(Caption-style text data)

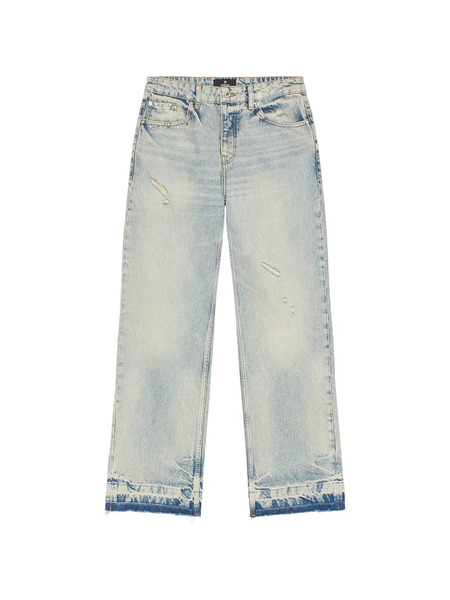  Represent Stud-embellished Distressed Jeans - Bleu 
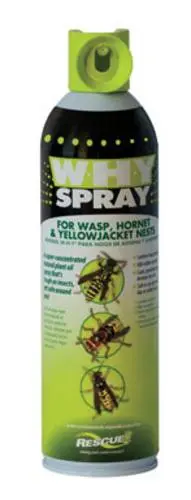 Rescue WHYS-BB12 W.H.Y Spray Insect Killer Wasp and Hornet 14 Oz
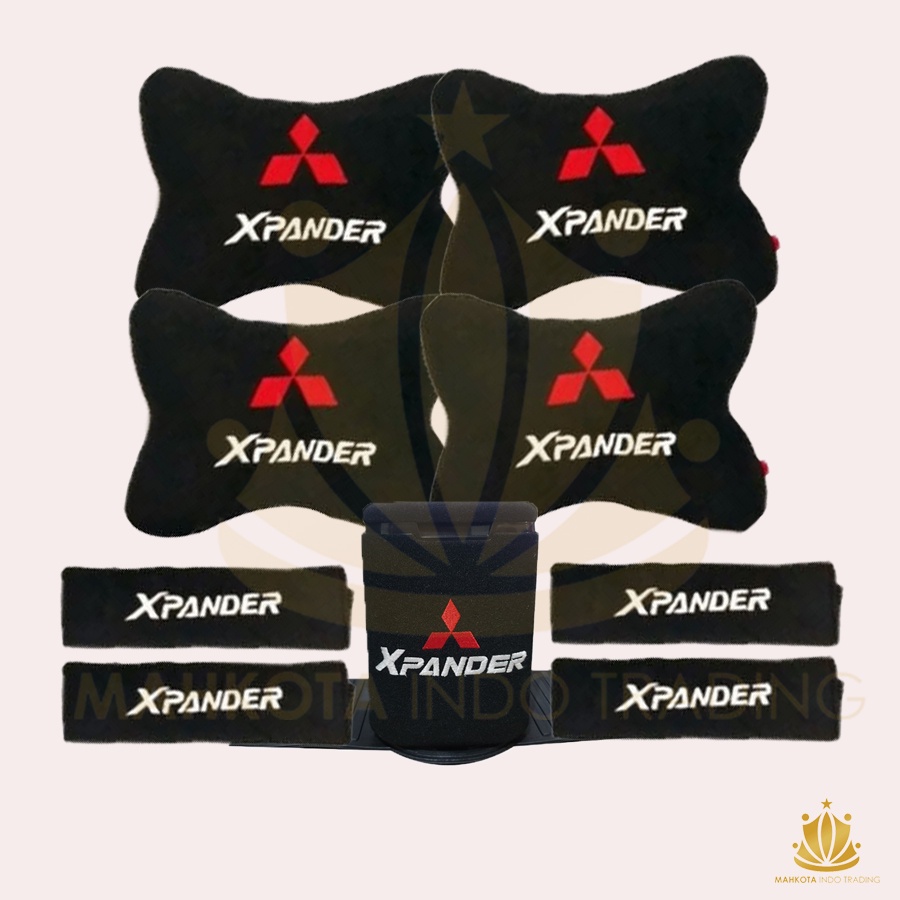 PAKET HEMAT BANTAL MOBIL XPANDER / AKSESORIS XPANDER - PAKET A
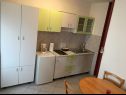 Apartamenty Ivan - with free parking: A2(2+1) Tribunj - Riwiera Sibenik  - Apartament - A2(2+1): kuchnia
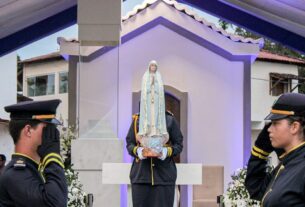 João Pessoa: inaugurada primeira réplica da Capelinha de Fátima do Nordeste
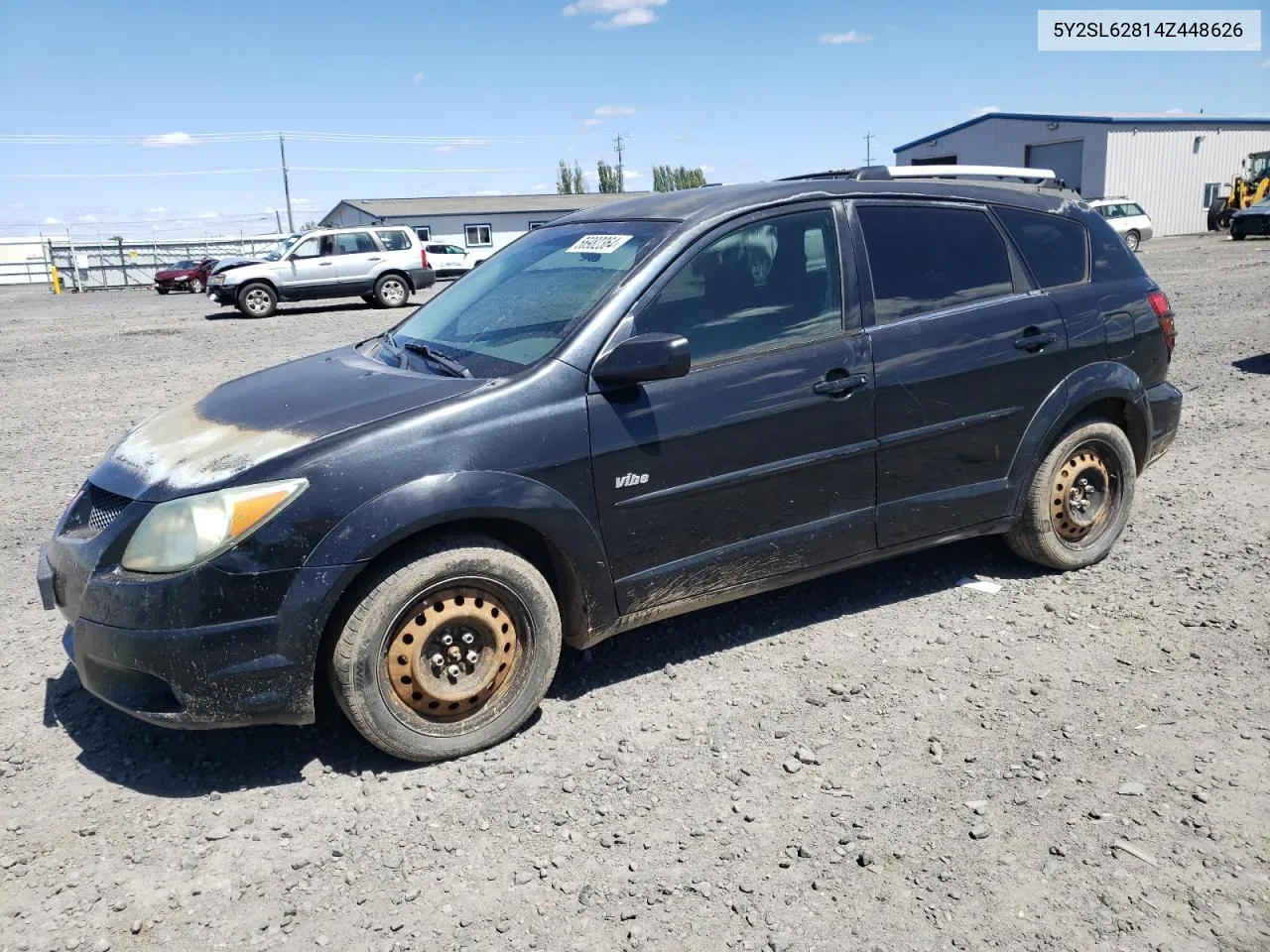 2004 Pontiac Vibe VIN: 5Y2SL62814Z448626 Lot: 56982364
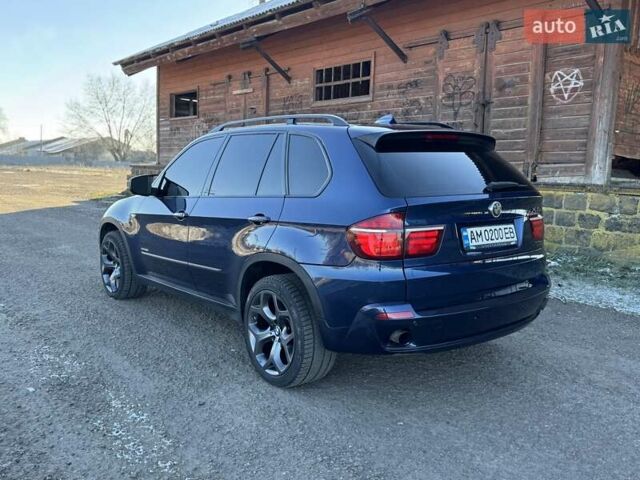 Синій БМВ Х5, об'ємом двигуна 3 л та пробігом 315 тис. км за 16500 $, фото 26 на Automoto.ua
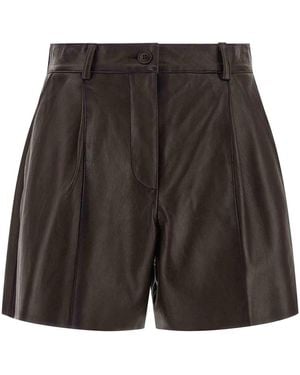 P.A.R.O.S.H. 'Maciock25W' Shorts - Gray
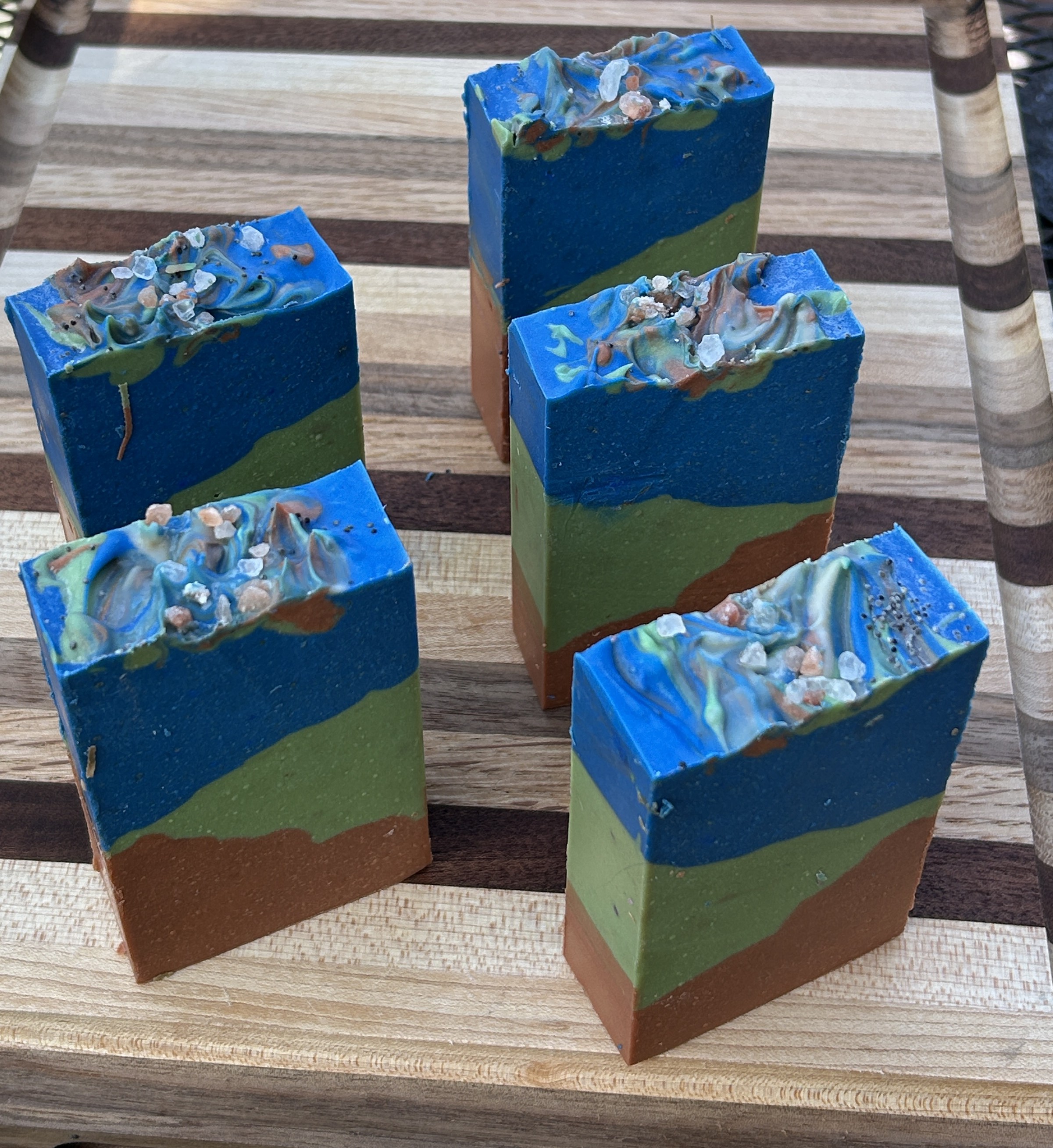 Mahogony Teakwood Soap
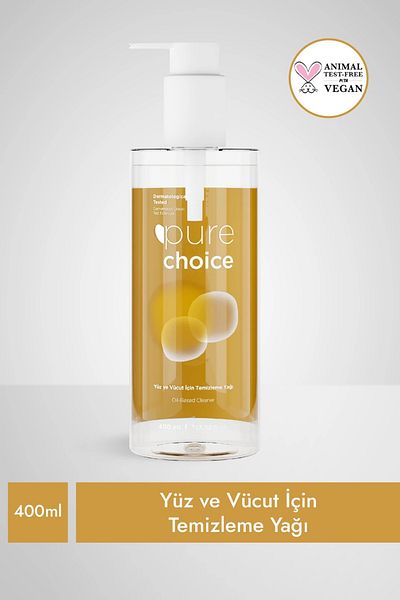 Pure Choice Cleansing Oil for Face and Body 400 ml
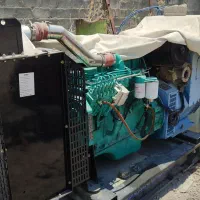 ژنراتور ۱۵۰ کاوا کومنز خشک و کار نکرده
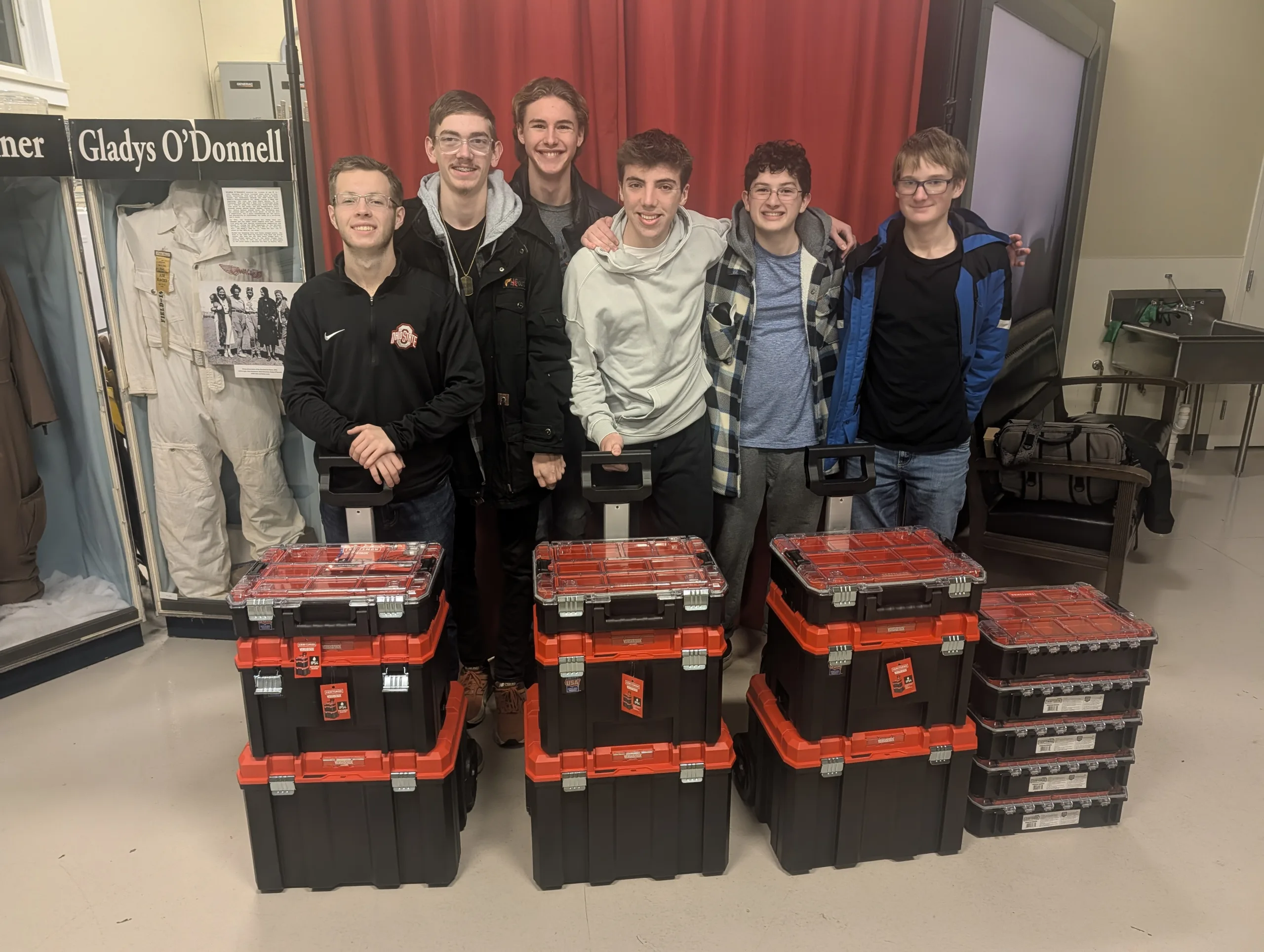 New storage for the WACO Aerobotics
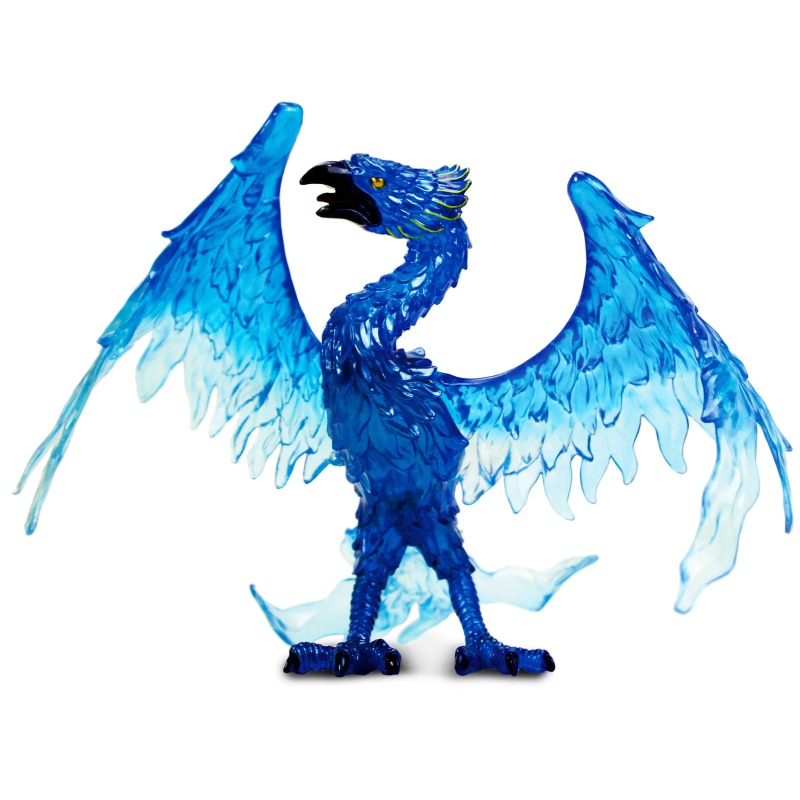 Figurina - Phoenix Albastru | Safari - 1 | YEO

WORK TO BE COMPLETED.
Retyping should start at the first line of the data above and stop after the line with "João Pessoa: inaugurada", and no picture should be included.

WRITTEN SOLUTION.
  Represent Stud-embellished Distressed Jeans - Bleu 
 Rescue WHYS-BB12 W.H.Y Spray Insect Killer Wasp and Hornet 14 Oz
 PAKET HEMAT BANTAL MOBIL XPANDER / AKSESORIS XPANDER - PAKET A
 Apartamenty Ivan - with free parking: A2(2+1) Tribunj - Riwiera Sibenik  - Apartament - A2(2+1): kuchnia
 João Pessoa: inaugurada primeira réplica da Capelinha de Fátima do Nordeste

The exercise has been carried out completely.